Dit is een artikel uit het NRC-archief De artikelen in het archief zijn met behulp van geautomatiseerde technieken voorzien van metadata die de inhoud beschrijven. De resultaten van deze technieken zijn niet altijd correct, we werken aan verbetering. Meer informatie.
Bekijk hele krant

Arbeidsmarkt

Concurrentiebeding ook voor tijdelijke krachten?

Illustratie Tjarko van der pol

Een directeur van een softwarebedrijf heeft gehoord dat in de nieuwe wet het concurrentiebeding niet meer geldt voor werknemers met een tijdelijk contract. Problematisch, vindt hij, want „je neemt iemand aan voor bepaalde tijd, het contract is afgelopen en die werknemer begint voor zichzelf (of gaat bij een concurrent aan de slag) en gebruikt daarbij de kennis die hij bij je heeft afgekeken.”

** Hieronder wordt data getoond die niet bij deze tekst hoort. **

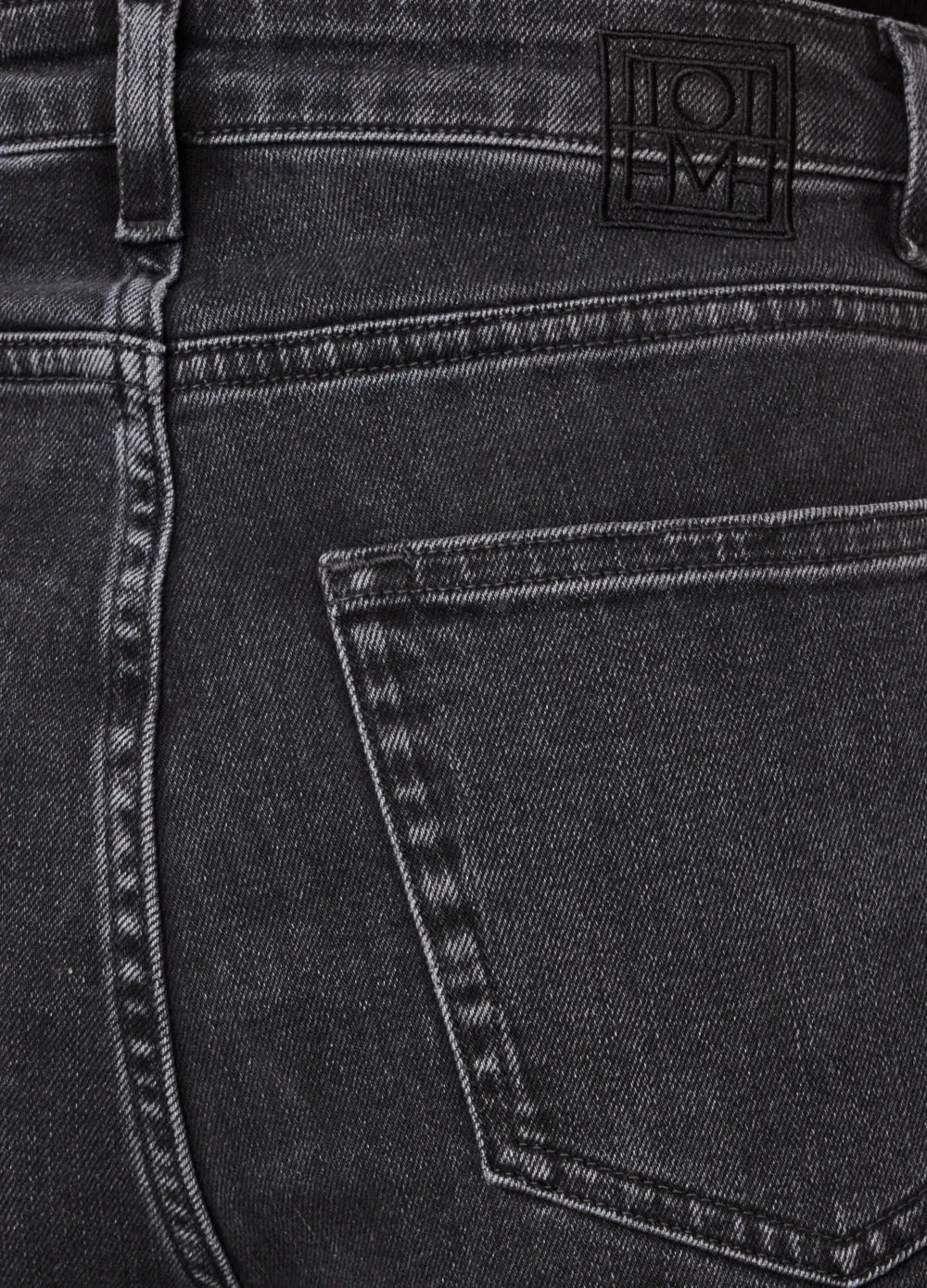 Everyday Classic Wear Comfy Minimalist Trendy Everyday Flare Jeans 32" Functional Pocket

Volgens Catharina Kat, als advocaat gespecialiseerd in arbeidsrecht, vallen persoonlijke kennis en ervaring die zijn opgedaan tijdens het dienstverband alvast nooit onder het concurrentiebeding. „Dan gaat het om know how en andere vertrouwelijke informatie over het bedrijf van de werkgever. Daarmee zou de werknemer als zelfstandige of in dienstverband de oude werkgever kunnen beconcurreren”, zegt Kat. „De vrijheid van arbeidskeuze staat in de grondwet, maar is niet absoluut: zij mag worden beperkt als de werkgever daarbij voldoende belang heeft.”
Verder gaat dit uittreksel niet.